═════ EXTRACTED ENTRIES ═════

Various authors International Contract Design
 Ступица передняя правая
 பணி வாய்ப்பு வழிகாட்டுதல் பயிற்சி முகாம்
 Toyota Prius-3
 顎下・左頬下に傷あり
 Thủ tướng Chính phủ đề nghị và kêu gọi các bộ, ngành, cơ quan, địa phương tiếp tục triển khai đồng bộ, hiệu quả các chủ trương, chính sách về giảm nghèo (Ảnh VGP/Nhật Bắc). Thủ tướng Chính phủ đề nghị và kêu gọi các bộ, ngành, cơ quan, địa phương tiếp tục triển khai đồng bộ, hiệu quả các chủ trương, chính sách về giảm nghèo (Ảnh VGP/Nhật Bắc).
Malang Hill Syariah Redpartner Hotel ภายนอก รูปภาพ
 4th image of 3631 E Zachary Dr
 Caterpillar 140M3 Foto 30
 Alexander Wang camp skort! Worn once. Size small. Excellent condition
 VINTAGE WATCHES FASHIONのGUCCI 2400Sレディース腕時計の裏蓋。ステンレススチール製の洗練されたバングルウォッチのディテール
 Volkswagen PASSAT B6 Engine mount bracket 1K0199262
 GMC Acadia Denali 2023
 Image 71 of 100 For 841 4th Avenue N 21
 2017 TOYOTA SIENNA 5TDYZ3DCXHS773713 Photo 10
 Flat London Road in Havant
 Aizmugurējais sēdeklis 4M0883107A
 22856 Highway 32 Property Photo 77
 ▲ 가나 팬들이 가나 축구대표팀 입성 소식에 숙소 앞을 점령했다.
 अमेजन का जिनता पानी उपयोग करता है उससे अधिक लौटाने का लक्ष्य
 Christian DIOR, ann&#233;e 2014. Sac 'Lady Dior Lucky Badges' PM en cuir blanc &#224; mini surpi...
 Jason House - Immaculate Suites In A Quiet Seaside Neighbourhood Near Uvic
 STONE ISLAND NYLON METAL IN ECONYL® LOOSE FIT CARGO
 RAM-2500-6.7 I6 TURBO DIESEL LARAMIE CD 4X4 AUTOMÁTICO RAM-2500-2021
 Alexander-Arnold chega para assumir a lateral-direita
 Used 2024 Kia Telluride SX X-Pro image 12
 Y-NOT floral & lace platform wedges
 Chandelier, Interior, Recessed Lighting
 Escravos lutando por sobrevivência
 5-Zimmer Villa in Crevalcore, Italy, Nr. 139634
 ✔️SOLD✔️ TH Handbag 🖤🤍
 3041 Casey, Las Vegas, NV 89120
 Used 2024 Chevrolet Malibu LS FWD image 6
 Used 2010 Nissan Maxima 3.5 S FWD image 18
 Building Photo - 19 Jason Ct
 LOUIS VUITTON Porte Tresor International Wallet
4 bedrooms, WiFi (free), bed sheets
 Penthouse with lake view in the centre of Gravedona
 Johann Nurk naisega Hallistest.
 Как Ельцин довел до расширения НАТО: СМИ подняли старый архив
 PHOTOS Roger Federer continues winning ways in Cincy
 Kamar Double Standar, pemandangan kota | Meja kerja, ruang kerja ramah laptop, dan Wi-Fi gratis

═════

**WORK TASK**
All lines from the one that contains "5-Zimmer Villa in" to the last line above must be given again exactly, with both included and nothing added.

**TASK ANSWER**
 5-Zimmer Villa in Crevalcore, Italy, Nr. 139634
 ✔️SOLD✔️ TH Handbag 🖤🤍
 3041 Casey, Las Vegas, NV 89120
 Used 2024 Chevrolet Malibu LS FWD image 6
 Used 2010 Nissan Maxima 3.5 S FWD image 18
 Building Photo - 19 Jason Ct
 LOUIS VUITTON Porte Tresor International Wallet
4 bedrooms, WiFi (free), bed sheets
 Penthouse with lake view in the centre of Gravedona
 Johann Nurk naisega Hallistest.
 Как Ельцин довел до расширения НАТО: СМИ подняли старый архив
 PHOTOS Roger Federer continues winning ways in Cincy
 Kamar Double Standar, pemandangan kota | Meja kerja, ruang kerja ramah laptop, dan Wi-Fi gratis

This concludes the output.